唐突、無職期間終了
カッコの後は改行する、
「来週からお前も働きなさい、アオキ」
それは本当に唐突だった
「なんでだよ、まだ12歳、中学入学くらいの時期だ!」
「知らないな魔王は討たれた、勇者候補と言う肩書きが無ければ、強いスキルだけを持つニートだ、それに特例として働かなくてもいいにしたって同じ年代の子は働いてるぞ」
「まだだ、働けと言われても働く場所がない、なぜなら街の人間から、なんか物凄く嫌われているから無理だろう、それと他人と俺を比較するな。何回『数少ない完全覚醒した勇者候補』としてこの町が税収やら補助金の選考で有利になったと思ってるの?」
そう俺は、「勇者候補」とやらのせいで、才能を持たない奴らから後ろから刺されることも多いので、その度に身ぐるみ剥いで、公衆の面前に全裸ではりつけにしたり、俺のスキルを奴隷売買に使おうとした貴族を一族事焼き滅ぼしたりしたため、街からは浮いた存在である。

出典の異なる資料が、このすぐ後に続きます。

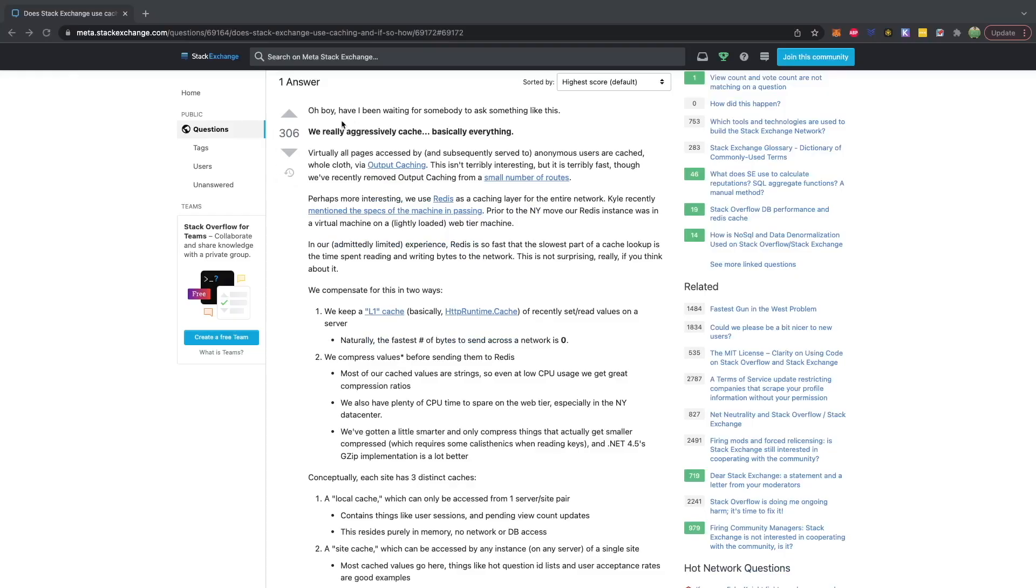Say, for example, Stack Exchange, which aggressively uses caching for basically everything. That's just an obvious example, but I'm sure many of the major applications out there are using caching.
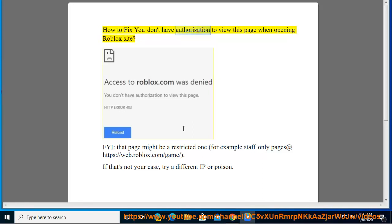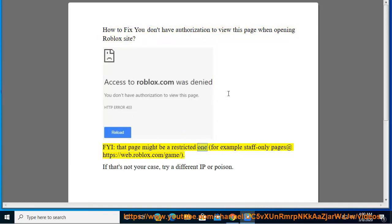How to fix 'You don't have authorization to view this page' when opening the Roblox site. FYI, that page might be a restricted one — for example, staff-only pages at https://web.roblox.com/game.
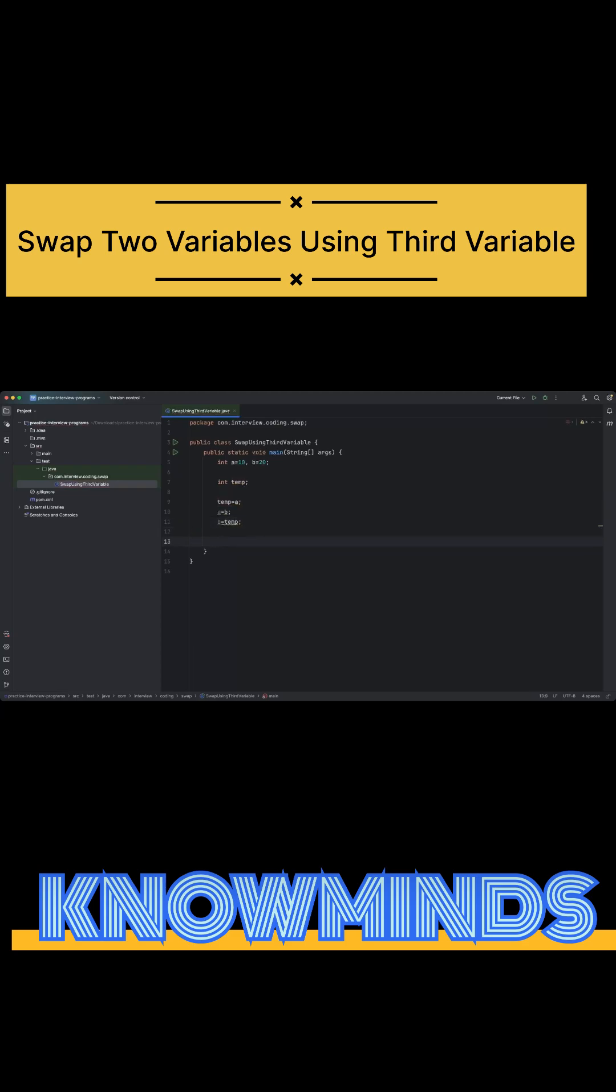Now I want to add a print statement to check if the values are being swapped or not. So let's say the value of a equals a, right.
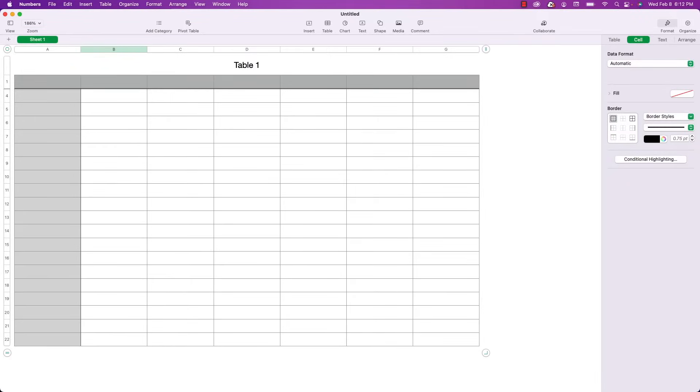Welcome back to a Numbers edition of Apple a Day. This is the first episode I'm going to be doing in a series of short tutorials for Apple Numbers. I'm going to be covering every function available in the formula editor.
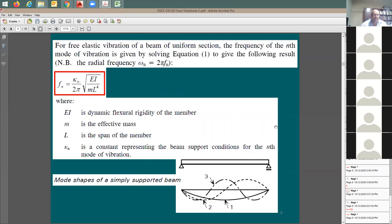Dynamics provides an equation to address this. The natural frequency fn equals a constant kn divided by 2π times √(EI / mL⁴), where E is the modulus of elasticity, I is the moment of inertia about the bending axis, m is the effective mass, and L is the span. This is similar to the SDOF equation but accounts for the distributed system.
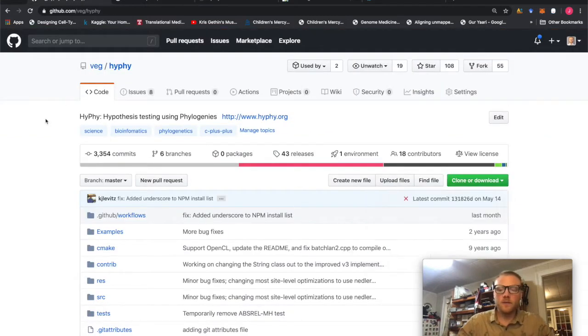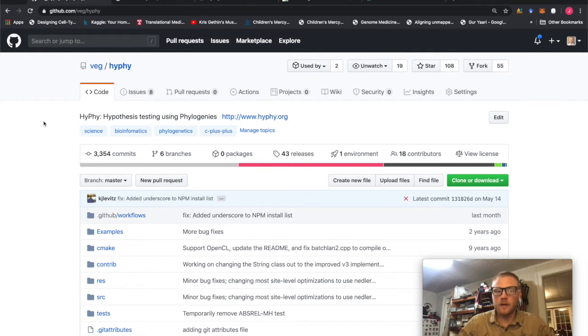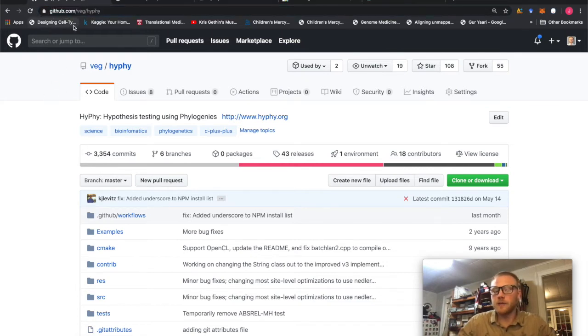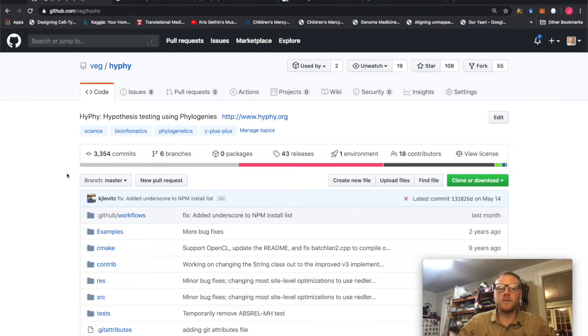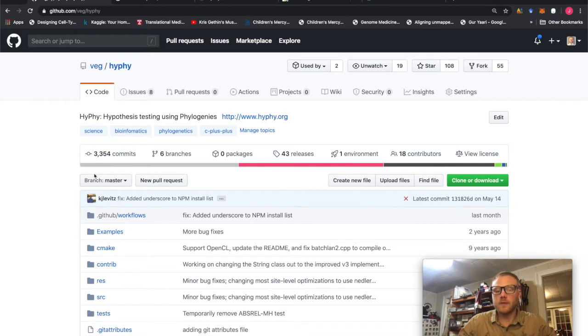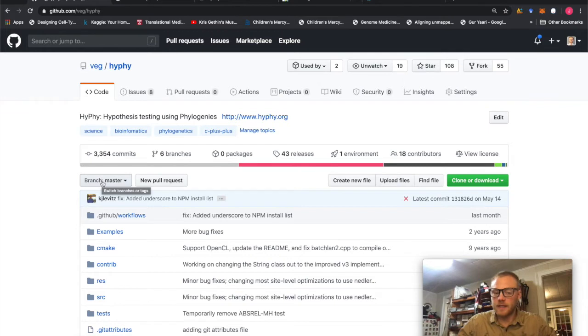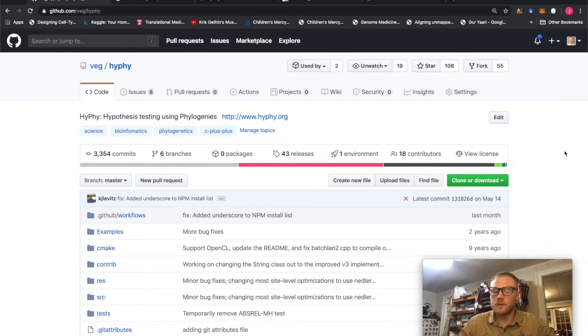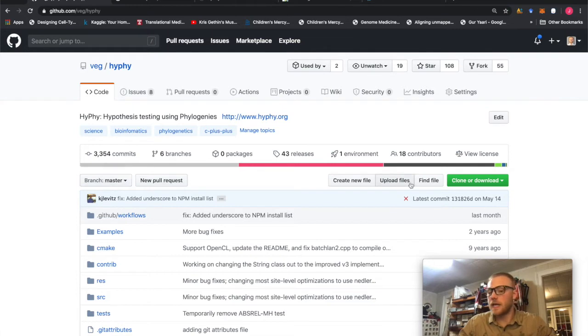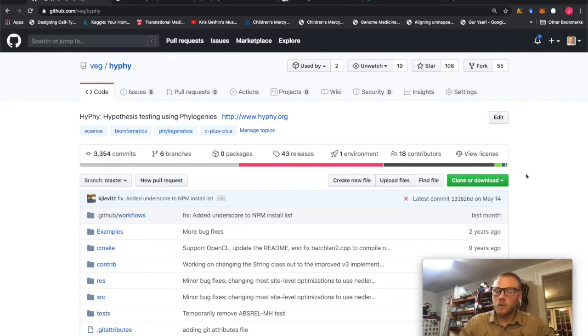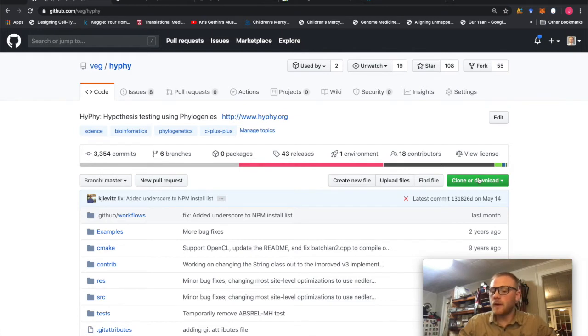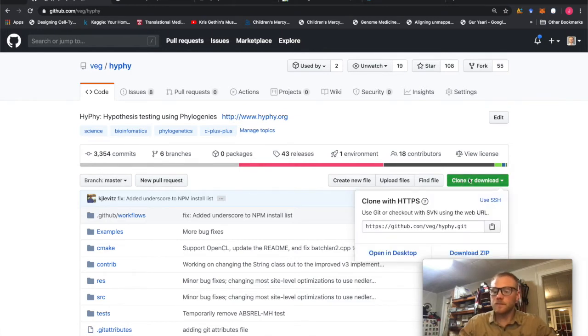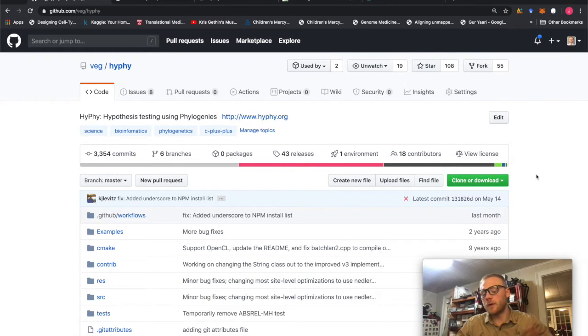So the first thing we're going to need to do is actually get the HyPhy software and it's on GitHub. As you see here, it's github.com forward slash veg forward slash HyPhy. And what we need to do is go right here. The first thing we can do is check this out.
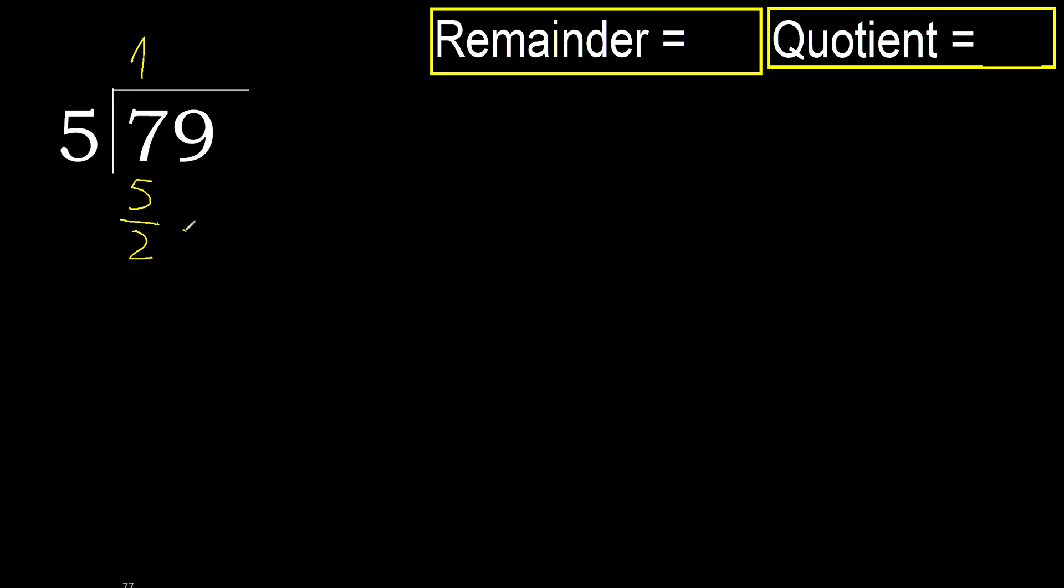Next, 29. 5 multiplied by 6 is 30. 30 is greater. Multiplied by 5, 25 is not greater. Okay.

「うるさい、父さんが雇ってもらってる貴族フェリス家の使用人になるよう話をつけといた。魔王が倒されてからは復興のためにほかの町に支払われて、毎年減っているんだぞ。お前が魔王が倒される前に覚醒したらよかったのに」
「そんなのヤダ、人を使うのはいいが、使われるのはいやなんだよ、社畜ジジイには分からないでしょうね」
「うーるーさーいーぞー、俺のメンツが潰れるじゃないか、そうだろ母さん」
「そういうのは自分自身の考えを尊重するものです」
そう、今、俺の意見を肯定してくれたのはフギュ・ウルシヌス。俺のこの器の母親だ
「でも、息子がいい歳して働いてないと、親として不安だから定職に着いて欲しいと思うのは間違ってるかしら?」
親としては当たり前のことなのか?、確かに、上手く狩りなどができずに死んでった子たちを何人も見たが、不安というよりかは可哀そうだったが、今の時代は平和だからそんなことはないんだろう。、
「働くのは了解した、だが父さんが現領主、長男はこの町にいないし、次男にはもう家来がいたはずだろう、使用人が着いてないのは、くそデブ三男しかいないだろ、アイツ臭いからやなんだよ」
「いいだろ、豚っぽくて愛嬌がある、三日後までに準備をしといてくれ、じゃ」
そう言い逃げるようにクソ親は家から出てった
「めんどくさいわね、あなたはあんな男に似ちゃいけませんよ」
「家出するわ、マジで」
そう俺のスキルはまあまあサバイバルに向いているので頑張れば野宿をできる、と思う。何年かのブランクはあっても、昔ほど物騒ではないだろう。
「まあそれは自由にすればいいけど、たまには顔みへなさおよ」
そう煎餅を食べながら手を振る。
「今日は家出(仮)だから日が落ちるまでに帰る、ハンバーグが食べたい、用意しといて」
そう高らかに宣言して家を飛び出した。